TASK DETAILS: How does the data below read from its first line through the line containing "Log-log plot of"? Print those lines exactly.
*** Opening of TASK MATERIAL ***
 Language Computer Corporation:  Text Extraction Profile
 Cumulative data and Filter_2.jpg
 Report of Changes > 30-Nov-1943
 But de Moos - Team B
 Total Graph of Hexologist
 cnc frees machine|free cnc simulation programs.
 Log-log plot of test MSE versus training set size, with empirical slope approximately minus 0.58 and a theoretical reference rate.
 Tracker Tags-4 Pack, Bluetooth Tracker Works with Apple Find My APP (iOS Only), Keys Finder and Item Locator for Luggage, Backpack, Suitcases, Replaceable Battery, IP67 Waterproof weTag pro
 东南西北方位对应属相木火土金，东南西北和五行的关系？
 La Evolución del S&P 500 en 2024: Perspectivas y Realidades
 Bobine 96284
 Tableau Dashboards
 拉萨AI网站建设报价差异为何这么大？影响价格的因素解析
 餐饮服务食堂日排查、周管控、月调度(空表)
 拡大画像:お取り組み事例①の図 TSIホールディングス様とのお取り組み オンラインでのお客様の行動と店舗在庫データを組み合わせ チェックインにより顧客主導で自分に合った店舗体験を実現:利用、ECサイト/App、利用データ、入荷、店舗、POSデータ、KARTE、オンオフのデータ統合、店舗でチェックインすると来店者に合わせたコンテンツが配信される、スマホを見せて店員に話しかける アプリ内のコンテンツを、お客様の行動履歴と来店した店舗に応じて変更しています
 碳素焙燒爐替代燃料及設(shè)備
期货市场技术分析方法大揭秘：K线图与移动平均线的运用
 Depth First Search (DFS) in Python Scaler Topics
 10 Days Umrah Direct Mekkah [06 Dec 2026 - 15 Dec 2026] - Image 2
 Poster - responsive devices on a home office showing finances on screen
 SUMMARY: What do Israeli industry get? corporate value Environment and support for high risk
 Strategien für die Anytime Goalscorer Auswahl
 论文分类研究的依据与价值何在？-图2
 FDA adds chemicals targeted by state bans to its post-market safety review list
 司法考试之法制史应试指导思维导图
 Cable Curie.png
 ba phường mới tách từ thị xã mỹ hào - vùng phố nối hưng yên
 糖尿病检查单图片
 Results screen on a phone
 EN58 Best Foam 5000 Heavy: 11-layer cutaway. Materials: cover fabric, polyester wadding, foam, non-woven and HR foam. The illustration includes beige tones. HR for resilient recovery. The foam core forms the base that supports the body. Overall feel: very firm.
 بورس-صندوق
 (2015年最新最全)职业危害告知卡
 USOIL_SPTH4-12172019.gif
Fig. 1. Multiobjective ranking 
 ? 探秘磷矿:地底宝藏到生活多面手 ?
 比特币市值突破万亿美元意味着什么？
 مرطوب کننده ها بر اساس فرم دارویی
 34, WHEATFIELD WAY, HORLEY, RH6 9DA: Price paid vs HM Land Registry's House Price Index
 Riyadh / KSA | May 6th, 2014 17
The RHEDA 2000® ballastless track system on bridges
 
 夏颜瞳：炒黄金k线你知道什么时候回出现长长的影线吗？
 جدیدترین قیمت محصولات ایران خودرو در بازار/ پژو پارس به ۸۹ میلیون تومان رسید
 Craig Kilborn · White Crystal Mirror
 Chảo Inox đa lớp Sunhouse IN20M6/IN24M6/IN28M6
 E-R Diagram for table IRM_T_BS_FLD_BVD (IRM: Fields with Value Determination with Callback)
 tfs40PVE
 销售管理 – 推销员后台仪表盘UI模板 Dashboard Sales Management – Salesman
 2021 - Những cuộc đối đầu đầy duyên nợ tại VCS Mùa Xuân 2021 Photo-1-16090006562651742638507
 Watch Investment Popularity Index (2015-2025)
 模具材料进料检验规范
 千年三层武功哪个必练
*** Close of TASK MATERIAL ***
WRITTEN ANSWER:
 Language Computer Corporation:  Text Extraction Profile
 Cumulative data and Filter_2.jpg
 Report of Changes > 30-Nov-1943
 But de Moos - Team B
 Total Graph of Hexologist
 cnc frees machine|free cnc simulation programs.
 Log-log plot of test MSE versus training set size, with empirical slope approximately minus 0.58 and a theoretical reference rate.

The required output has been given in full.